-- GIVEN INFORMATION --
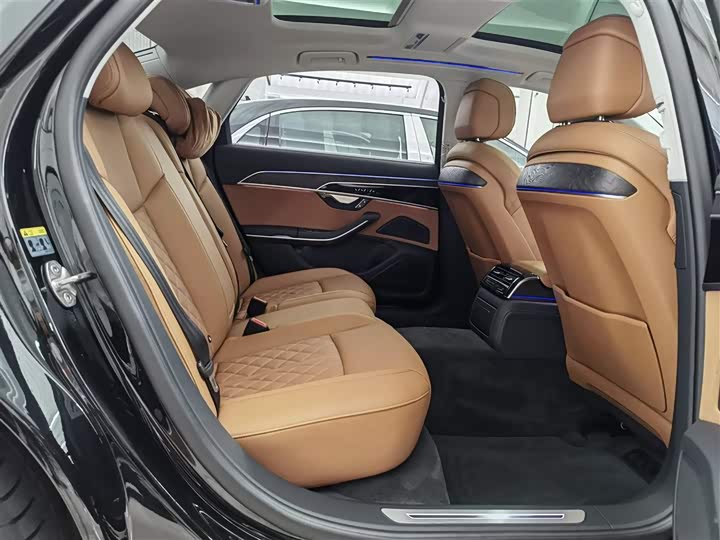 Фото 20 - Audi A8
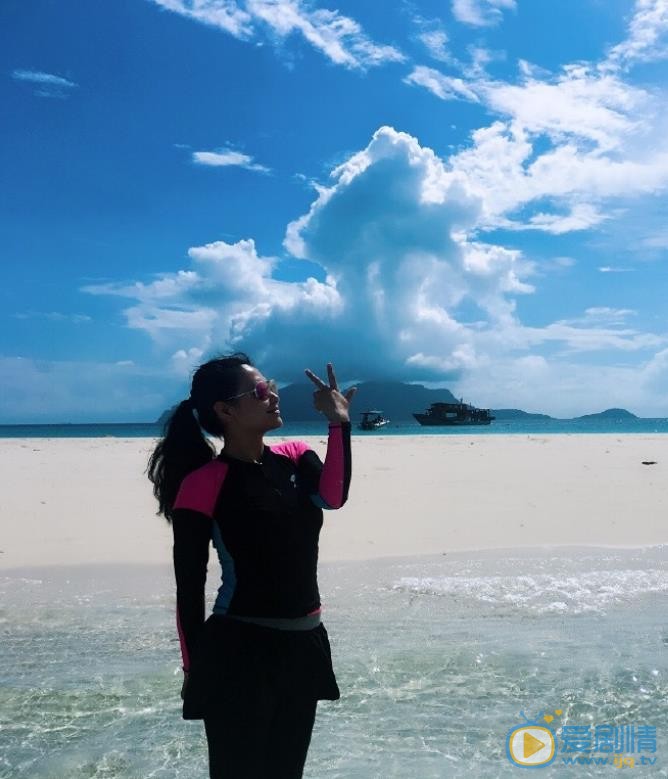 蒋林燕游玩照 蒋林燕高清写真_蒋林燕高清剧照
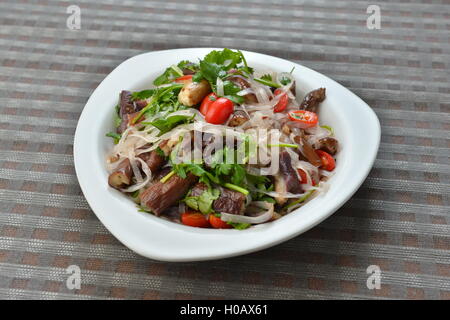 Gemüse mix Salat mit Pilzen Tomaten und Kräuter auf weißen Teller im asiatischen restaurant Stockfoto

-- ASSIGNED TASK --
An exact copy of the data is required, with the pictures excluded.

-- PROBLEM SOLUTION --
 Фото 20 - Audi A8
 蒋林燕游玩照 蒋林燕高清写真_蒋林燕高清剧照
 Gemüse mix Salat mit Pilzen Tomaten und Kräuter auf weißen Teller im asiatischen restaurant Stockfoto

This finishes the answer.